Transitioning to Upper School: Does Being Independent Mean You Shouldn't Ask for Help?
"You could keep on going around for as long as you wanted, and you would never get out. The only way to get out was to ask for help."
Khan Lab School students transitioning between Independence Levels are asked to share their lessons learned with teachers, families, and peers during our Term Exhibitions. Anjeli, who transitioned from Independence Level 5 (Middle School) to our new Independence Level 6 (Upper School), delivered her speech all the way from Switzerland. She spoke about learning to set her own goals in IL5, working hard to achieve those goals, and seeking guidance and help while maintaining her independence.
Read Anjeli’s full speech and watch her presentation below.
Hello, everyone! Greetings from Switzerland. Disclaimer: Although it may be super sunny over here, it is like 1:00 a.m. in California, and I am super jetlagged, so I might yawn at any point during this.
You might be thinking I could easily be cheating because this is a video. I could have my mom right there with a computer with my words: “Mom, could you scroll up? No, scroll down. No. Okay, yeah, that’s perfect.” I’m just kidding, I don’t have a cheat sheet. I had to memorize this just like everyone else did.

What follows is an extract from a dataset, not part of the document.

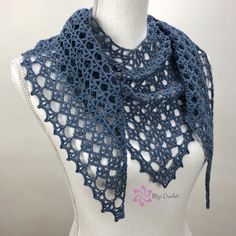 a blue crocheted shawl on top of a mannequin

Anyway, back to IL6. I am going to explain how I got to IL6 – my journey, if I may.
In the past, and of course the present, I have been very fortunate with having wonderful teachers who not only taught me academics, but the true value of hard work, grit, and what it means to have a growth mindset.
At KLS, I learned how to set my own goals and what it means to be independent. I learned that being independent isn’t not asking for help. In fact, you need to be able to rely on others to be independent – just not too much. One example of this was at the orientation camping trip at the beginning of the year. As most of my fellow “LabXers” may remember, on one of the last days of the camping trip, we played a game. We were all blindfolded and put into a maze. We were instructed to raise our hand if we needed help.
The maze’s walls consisted of rope tied to trees. We had to put our hand on one of the ropes and follow it along until we found an exit.
The trick was, there was no exit. You could keep on going around for as long as you wanted, and you would never get out. The only way to get out was to ask for help.
This was a very valuable lesson for me, because I normally don’t ask for help. This taught me that when you’re stuck, there is just a point when you stop learning, you are just struggling, and you don’t learn anything anymore – and you really need to ask for help; whether it be mathematics, science, or you’re stuck in a rural maze.
This lesson helped me a lot throughout the year, especially in the preparation for the IL6 challenge. I realize that being accepted into IL6 isn’t the end of my journey but the beginning. I have a lot of academic and personal goals that I think going into IL6 will definitely help me achieve.
My academic goals are to utilize all my time here to the fullest and seize every opportunity I have to learn and grow. My personal goals are social and emotional growth and to find my passion. I also realize that finding my passion will not happen overnight, but IL6 will definitely help me find it over time.
I am looking forward to more collaborative projects with my peers and discovering more learning opportunities. I also hope that I can find a way to lead my peers in IL6, even though I will be one of the youngest there.
I have discovered a family coming to KLS, and I hope to build even stronger bonds with my peers than I have over this year.
Now this is really going to sound like a college graduation speech, but I really want to thank my parents, my teachers, and my peers, and basically everyone in this room, because you all did something to help me achieve this goal.
This Transition Presentation was one of six shared with a large audience of family members and friends on August 17, 2017. The Upper School opened on September 5, 2017 – the first day of Khan Lab School's fourth year.